The border between the United States and Mexico runs six hundred seventy-five miles from the Rio Grande to the Pacific coast. In the single-digit 2000’s, the U.S. government launched a campaign to try to increase the number of arrests and deportations or punishments it imposed on people crossing the border illegally. There are checkpoints where people can begin a process of legal immigration. Illegal border-crossing involves criminal law, but the processes of immigration and obtaining citizenship are civil law.
When politicians decided to get “tough on immigration” there was a surge in drug-smugglers and people-smugglers. Rival gangs are fighting. The result is more illegality than ever. The smugglers kidnap their customers who have relatives in the United States, corral them in temporary structures in southwestern cities and towns, and demand ransom money from the relatives.

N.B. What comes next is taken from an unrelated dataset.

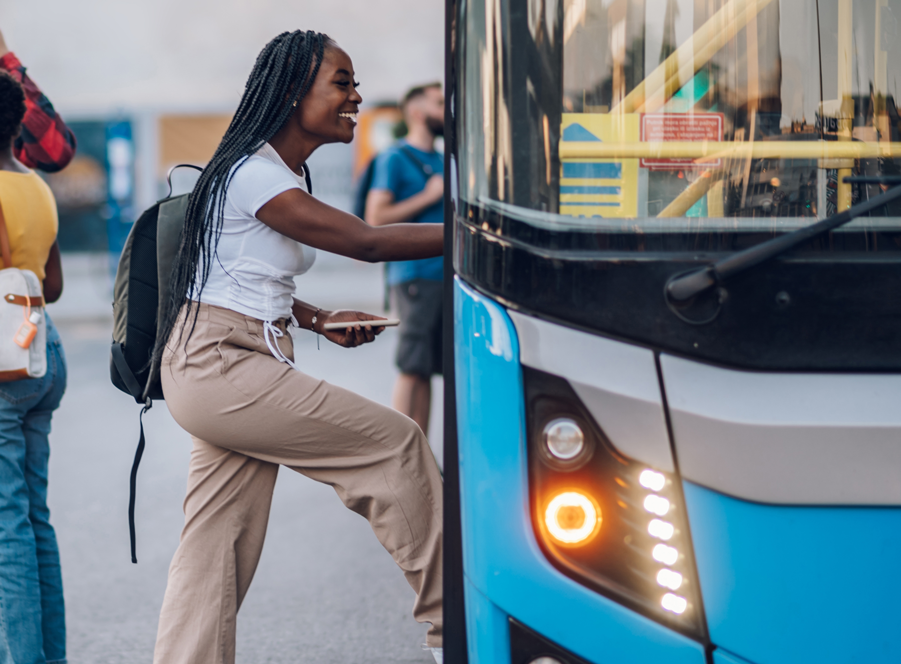 University student smiling and getting on bus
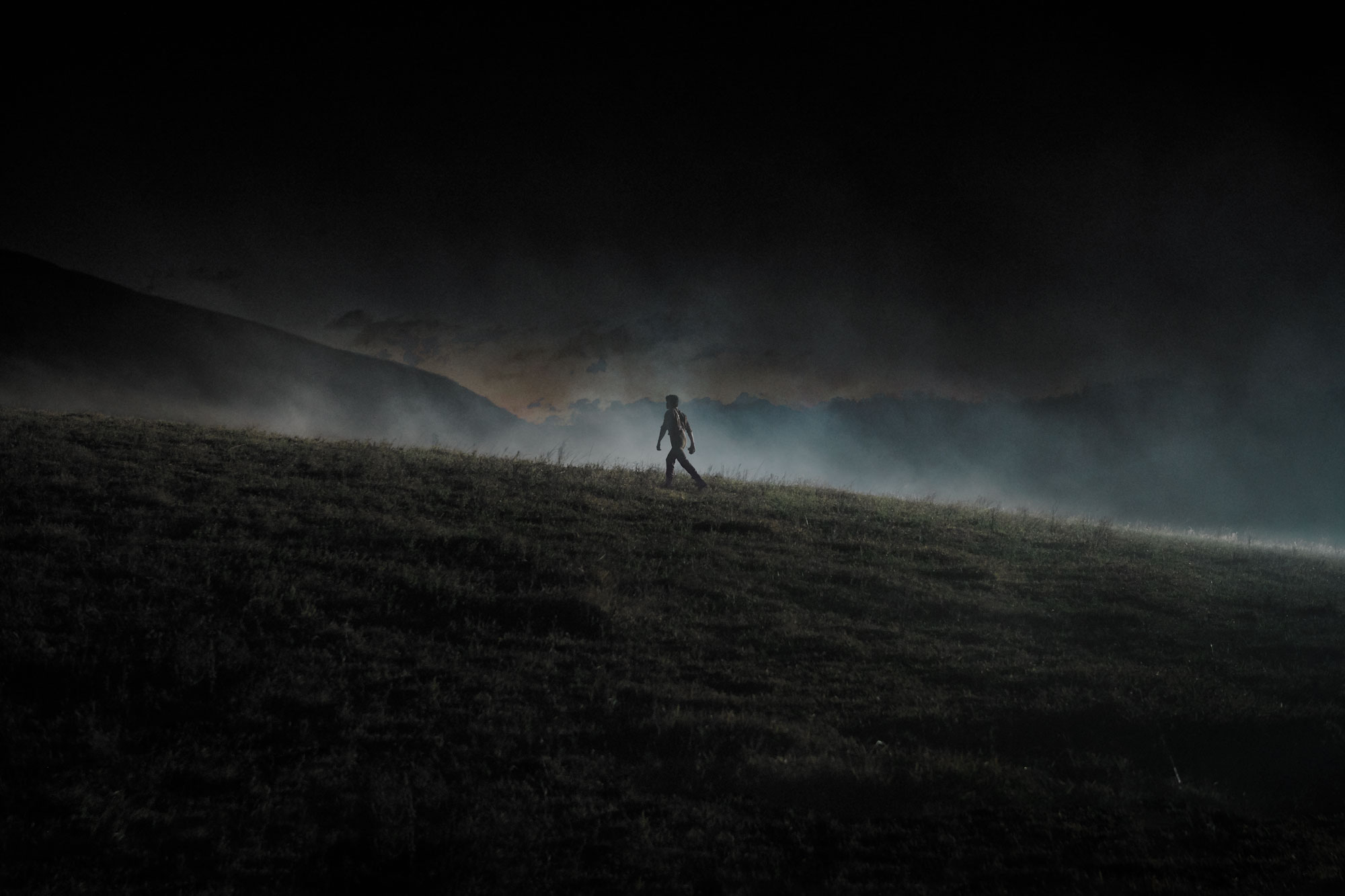 Silhouette of a person walking on a grassy hill under a dark, cloudy sky, creating a moody and dramatic atmosphere.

After spending some time combing the desert for illegals, the author was transferred to a couple of different air-conditioned offices. He generated intelligence reports on drug traffickers, and watched video feeds from surveillance towers. If he saw, for instance, people cutting a hole in a pedestrian fence to go through, he notified officers via radio in the field to chase after them and arrest them. The officers might request help from tribal police, if the incident involved people from or on an Indian reservation.
Border patrol offices keep a database on all sorts of statistics on the nature of the border-crossers. The author surfed the Internet for “news” stories on kidnappings and was continually depressed by the steady stream of deaths of illegals from various countries in Central and South America. The language in the stories was slanted either to incite hatred against immigrants, or arouse sympathy for them.
The author befriended a Mexican-born man at a coffeehouse in the United States near the border. In a legal case that came to pass in connection therewith, the man’s boss claimed when she hired him, he filled in the paperwork properly, and he had a Social Security Number. But she gave him 1099 status (meaning, independent contractor– not a regular employee). She claimed she had no clue about his immigration status.